Graph Convolutional Network (GCN) inference suffers from irregular sparse-dense matrix multiplication (SpMM) due to power-law node degree distributions, which existing accelerators struggle to handle efficiently. This work proposes FlexVector, a vector processor architecture that integrates a row-wise product-based SpMM dataflow with a software-managed, flexible vector register file (VRF), eschewing multi-bank designs to maintain memory efficiency while accommodating irregular memory access patterns. Coupled with graph-aware preprocessing and node partitioning strategies, FlexVector enables synergistic hardware-software co-optimization. Evaluated on five real-world GCN datasets, FlexVector achieves a 3.78× speedup and 40.5% energy reduction over a state-of-the-art cache-centric baseline of comparable area.
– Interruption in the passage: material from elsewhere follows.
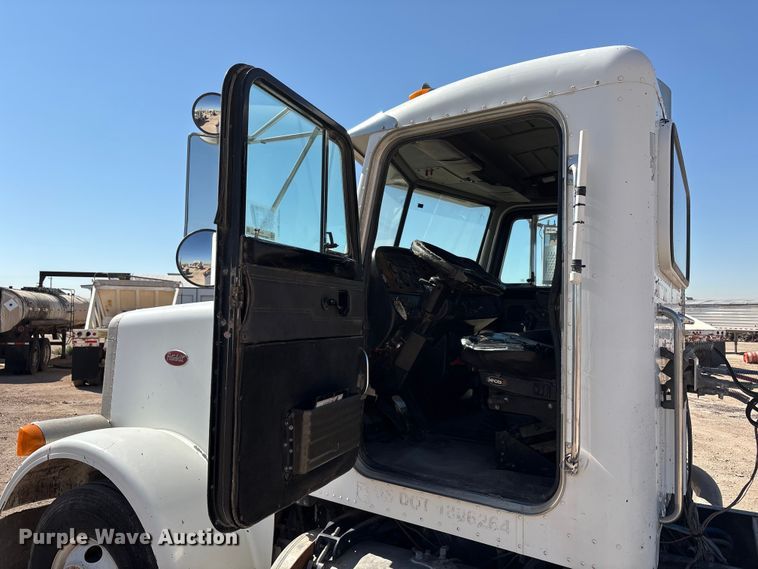 image for item EU4695 2003 Peterbilt 378 semi truck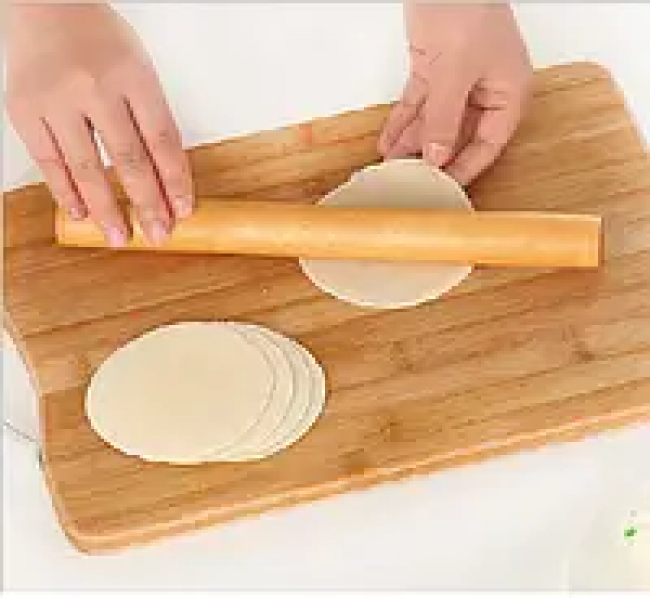 Липне до столу або ж качалки: як правильно розкачувати тісто, щоб воно стало тонким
Graph Convolutional Networks (GCNs) are widely adopted for tasks involving relational or graph-structured data and can be formulated as two-stage sparse-dense matrix multiplication (SpMM) during inference. However, existing accelerators often struggle with the irregular workloads induced by power-law node degree distributions. In this work, we propose FlexVector, a vector-processor-based architecture that efficiently accelerates SpMM for GCN inference. To address irregular computation patterns, FlexVector adopts a row-wise, product-based dataflow that regularizes SpMM execution and exposes vector parallelism through full-row access to vector registers, eliminating the need for multi-banked register file designs. Building on this dataflow, it introduces software-managed, flexible vector register files (VRFs) that adapt to irregular data access patterns, without sacrificing memory access efficiency. To further exploit these architectural capabilities, we develop a graph-aware preprocessing and node partitioning strategy that restructures irregular graph workloads to better match the row-wise dataflow and VRF capacity. This hardware-software co-design reduces memory traffic, leading to significant performance and energy efficiency gains on real-world GCN workloads. Experimental results on five real-world GCN datasets show that the VRF-centric FlexVector achieves a 3.78x speedup and 40.5% lower energy at comparable area cost relative to a state-of-the-art cache-centric baseline with buffers of the same size.